═══ Data for processing
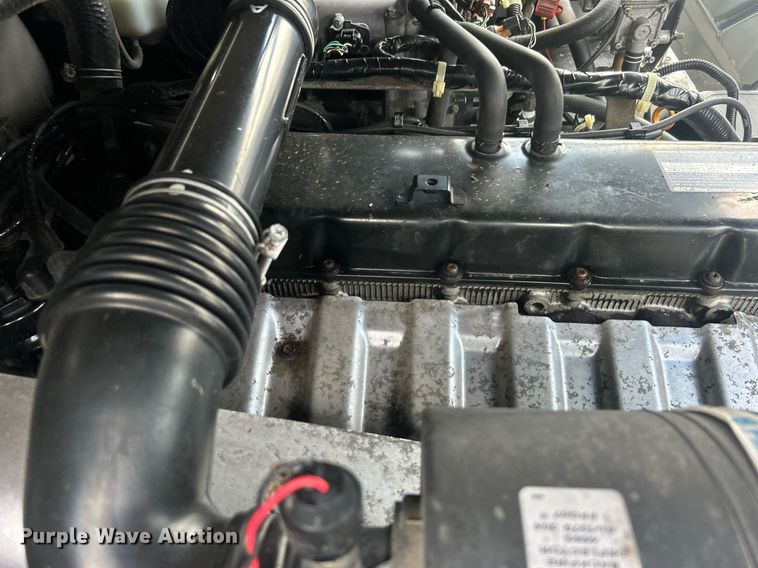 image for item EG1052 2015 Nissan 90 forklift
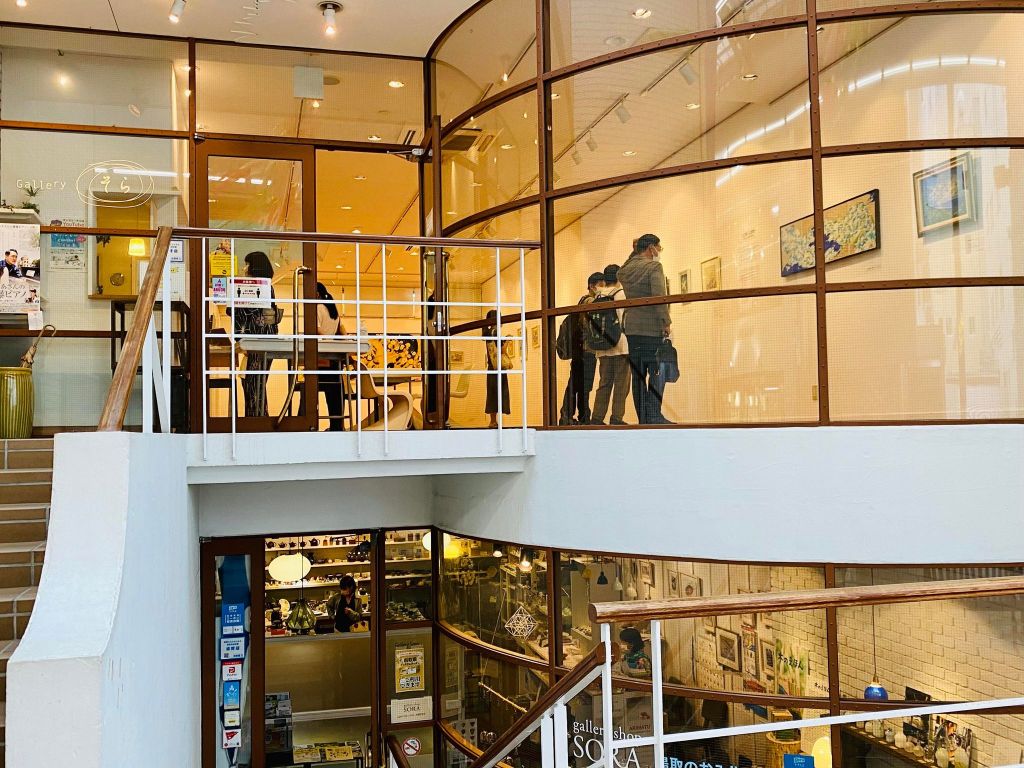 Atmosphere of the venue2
══════
═══ Data for processing
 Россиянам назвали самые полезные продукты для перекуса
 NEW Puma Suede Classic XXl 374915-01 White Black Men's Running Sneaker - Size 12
══════
═══ Data for processing
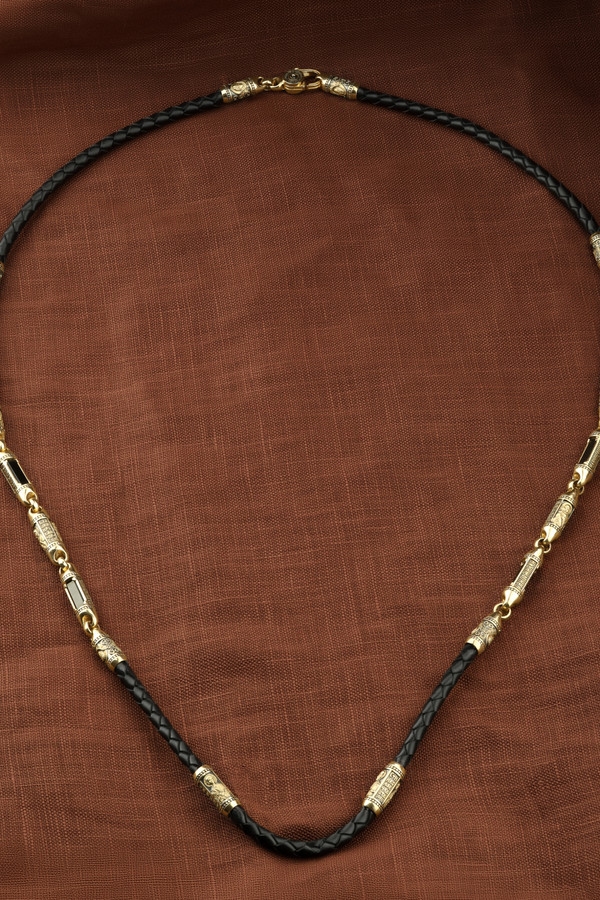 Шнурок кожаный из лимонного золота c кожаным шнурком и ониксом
══════
Required work →
Out of the material above, output word for word the line with "Россиянам назвали самые", the line with "NEW Puma Suede", and all lines between them, with nothing else.

Response below →
 Россиянам назвали самые полезные продукты для перекуса
 NEW Puma Suede Classic XXl 374915-01 White Black Men's Running Sneaker - Size 12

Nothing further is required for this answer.